Gillett's star sophomore Sylvia Hansen came up short of her lofty goal of winning the race, but factors out of her control had something to do with that.
Hansen ran an 18:44.5 time on Sept. 27 in Pulaski, which would have won her the DIII state race by 22 seconds and given her fourth in DII.
Hansen hasn't needed anyone to pace her all year long, as she dominated most races the Tigers ran at. At the sectional race last week, however, a hip problem arose for Hansen, an injury that followed her to state.
She finished 27th (20:20.9), a time she bested time and time again during the season.
"That hip issue I had during sectionals definitely started kicking in at the same time it did last race, so that was definitely another difficult thing to go through," she said. "The hills were definitely bothering it a lot more than going straight."
Gillett coach Bill DeJung said Hansen had the necessary pace to win the race after one mile, but the injury held her back.
"She had a goal of winning it and went out the way she needed to to put herself in a position to win it or place very high and her hips just didn't hold up for her the rest of the race," he said. "Very, very proud of her. She had a great year. Unfortunately, the sore hips wouldn't let her finish the way she wanted to today."

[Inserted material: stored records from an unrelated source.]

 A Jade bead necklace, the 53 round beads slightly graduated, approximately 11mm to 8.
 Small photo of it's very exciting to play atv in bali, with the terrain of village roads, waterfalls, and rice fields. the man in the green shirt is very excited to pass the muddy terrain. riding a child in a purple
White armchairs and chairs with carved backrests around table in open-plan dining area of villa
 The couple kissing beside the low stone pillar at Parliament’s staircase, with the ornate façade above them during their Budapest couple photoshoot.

Suring freshman Ryann Wagner, in her first year running cross country and Suring's first year as a program, took 41st in Division III (20:45.1).

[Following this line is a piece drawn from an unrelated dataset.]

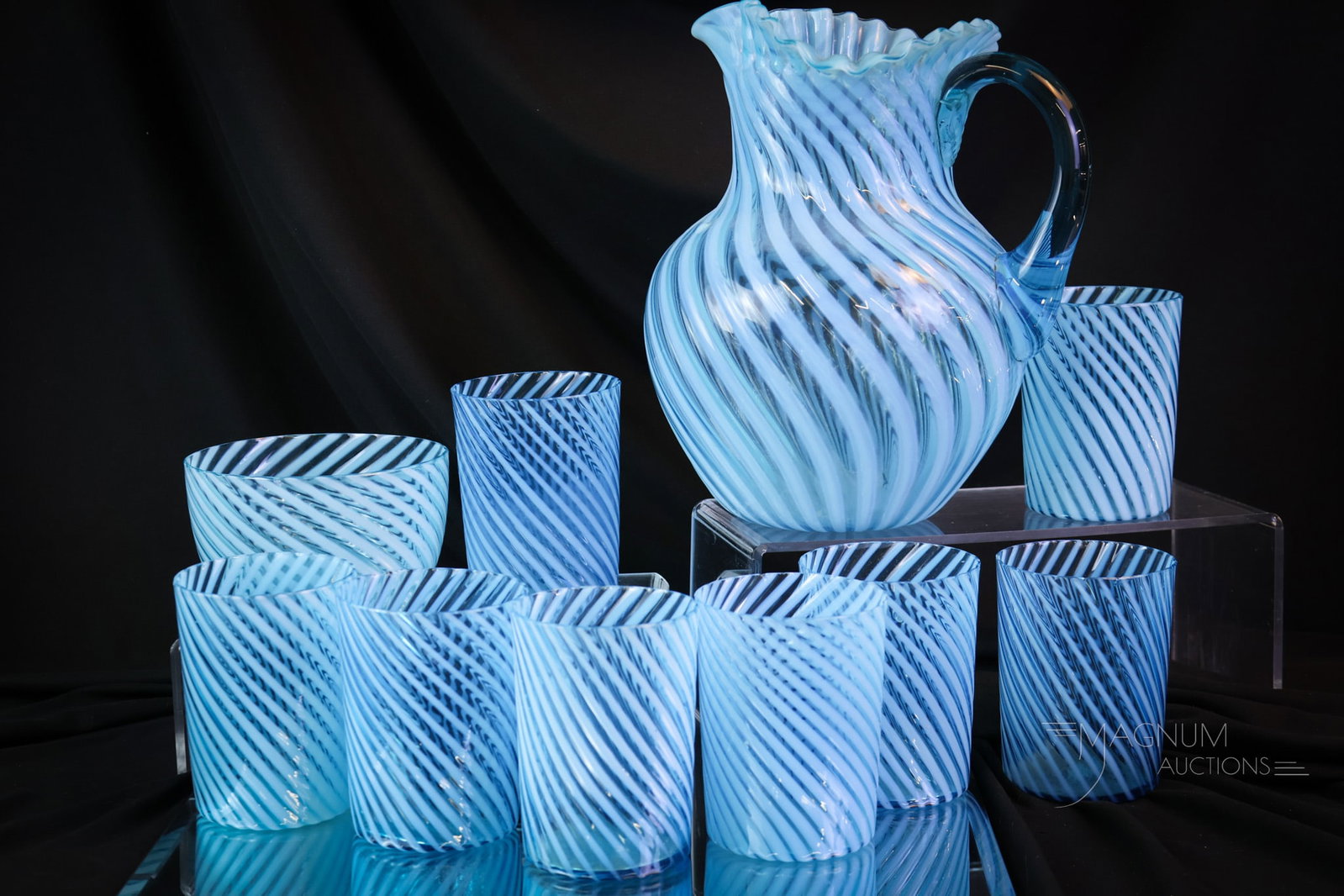 10 pc Lot Hobbs Blue Opalescent Swirl Victorian Water Set & More: A large offering of a ten-piece culmination of blue Hobbs Victorian glass in the form of a water set. This lot offers a pitcher, eight tumblers, and a bowl. Set a date for your party now. You'll need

"I really enjoyed it. I wasn't super nervous because it's kind of my first year and I'm just learning, but it was a great experience," Wagner said. "Our school just got it this year and I haven't run it before. It's a great learning experience to see all these really good athletes at state around you."
Suring coach Monica Wagner said Ryann does a good job of getting herself prepared for a race with a gameplan, despite being so new to the sport.
"Very level-headed young lady," coach Wagner said of Ryann. "She does a nice job preparing herself. We don't have to work too hard on that. She's pretty internally-driven and likes to have a gameplan and we try to help her with that."
Like Lund, Hansen, Hanson and Woller, the future is seemingly bright for Wagner.
"It's amazing," coach Wagner said. "I can't even explain how neat this is. Like I said, she's brand new to this sport, brand new to this season, just soaking it all in."
With all the youth in area runners, one athlete sticks out.
Marinette senior Carson Polomis took 63rd of 152 in DII (17:28.8).
The senior's goal? Just have fun in his last go-around.
"Give it all he's got. If it ended with a PR today, that would be great, and if it doesn't, enjoy the moment," Marinette coach Jenni Campbell said.
Polomis said he "just wanted to run" and "have a good time."
When it was all done, Polomis finished the race like he always did, waiting for every runner to cross the line, talking with as many as he could.
"For me, running cross country is more than just racing," Polomis said. "The people you meet running, they're all phenomenal. I've never met a single guy running that I didn't like. For me to just go out and have a conversation with people I don't see too often, it's special for me."
According to Campbell, that's what makes this sport special.
"Kind spirit and true sportsmanship, and I think that's something that makes cross country very different than a lot of sports is that heart of the runner. It's like a family," Campbell said. "There's something to be said when you are pushing your body to its physical and mental limits that people can appreciate together."